#### [WHAT YOU NEED TO DO]
Find the line with "Breeze Decor Something" in the entries below, then reproduce it and every line after it down to and including the line with "Stilla | Elegant", exactly.

#### [RECORD EXCERPTS]

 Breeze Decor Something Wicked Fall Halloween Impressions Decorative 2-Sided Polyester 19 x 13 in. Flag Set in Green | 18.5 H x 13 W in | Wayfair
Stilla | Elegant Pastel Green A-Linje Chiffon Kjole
* * *
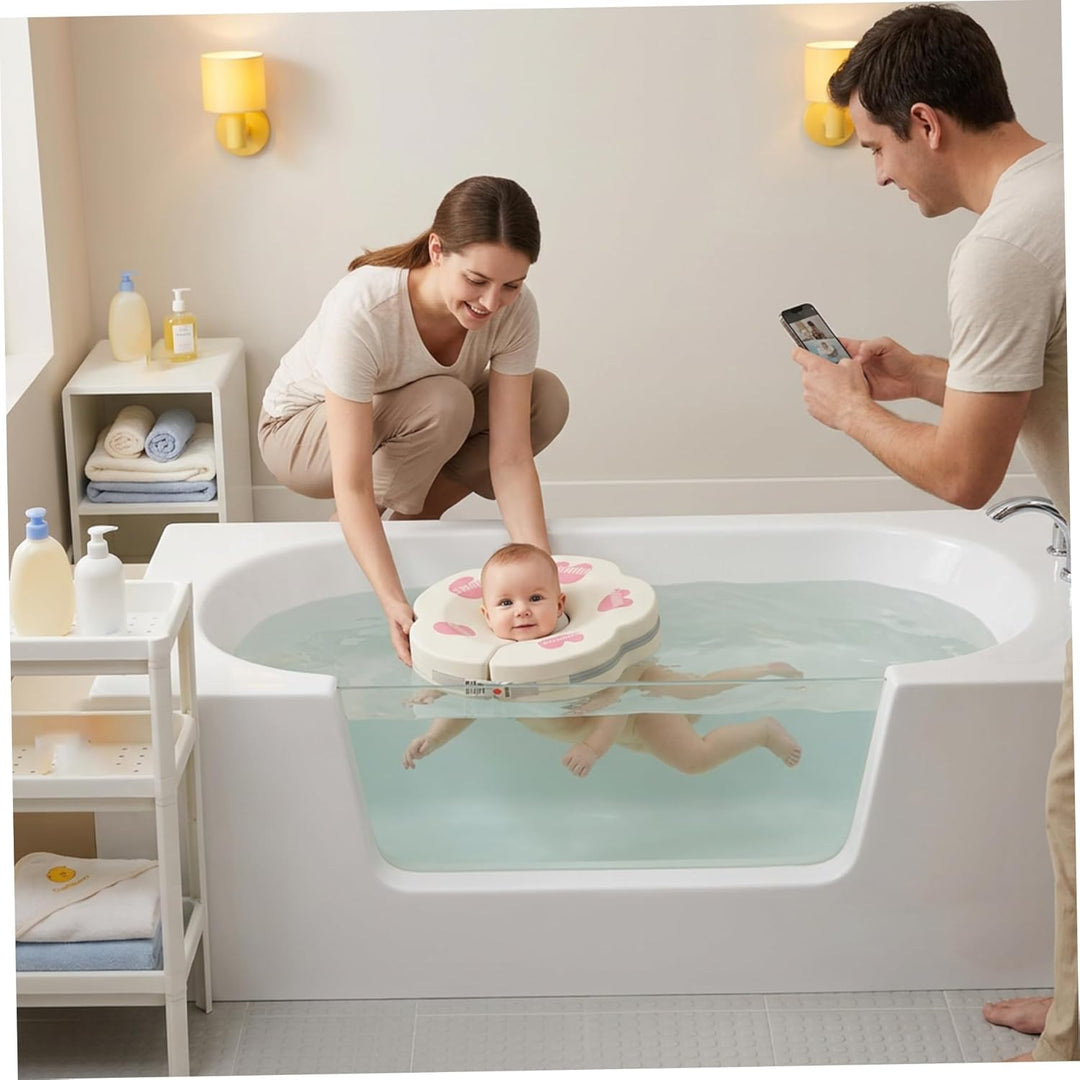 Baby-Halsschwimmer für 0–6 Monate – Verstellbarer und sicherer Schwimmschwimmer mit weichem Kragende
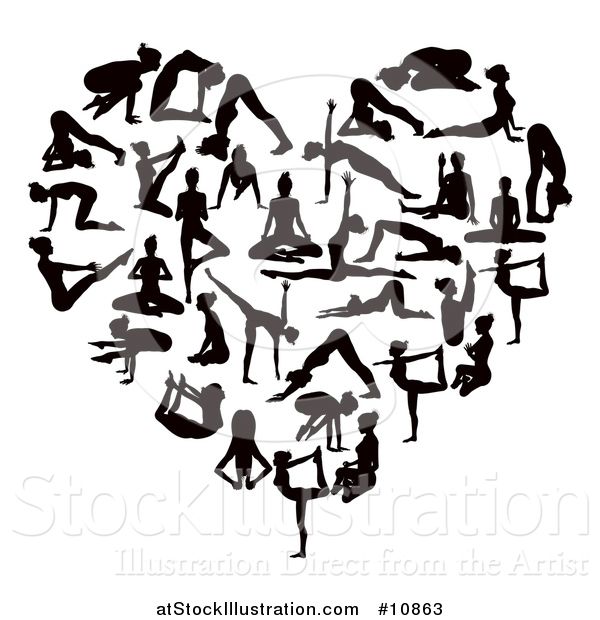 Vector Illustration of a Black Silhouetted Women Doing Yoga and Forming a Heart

#### [ANSWER SECTION]
 Breeze Decor Something Wicked Fall Halloween Impressions Decorative 2-Sided Polyester 19 x 13 in. Flag Set in Green | 18.5 H x 13 W in | Wayfair
Stilla | Elegant Pastel Green A-Linje Chiffon Kjole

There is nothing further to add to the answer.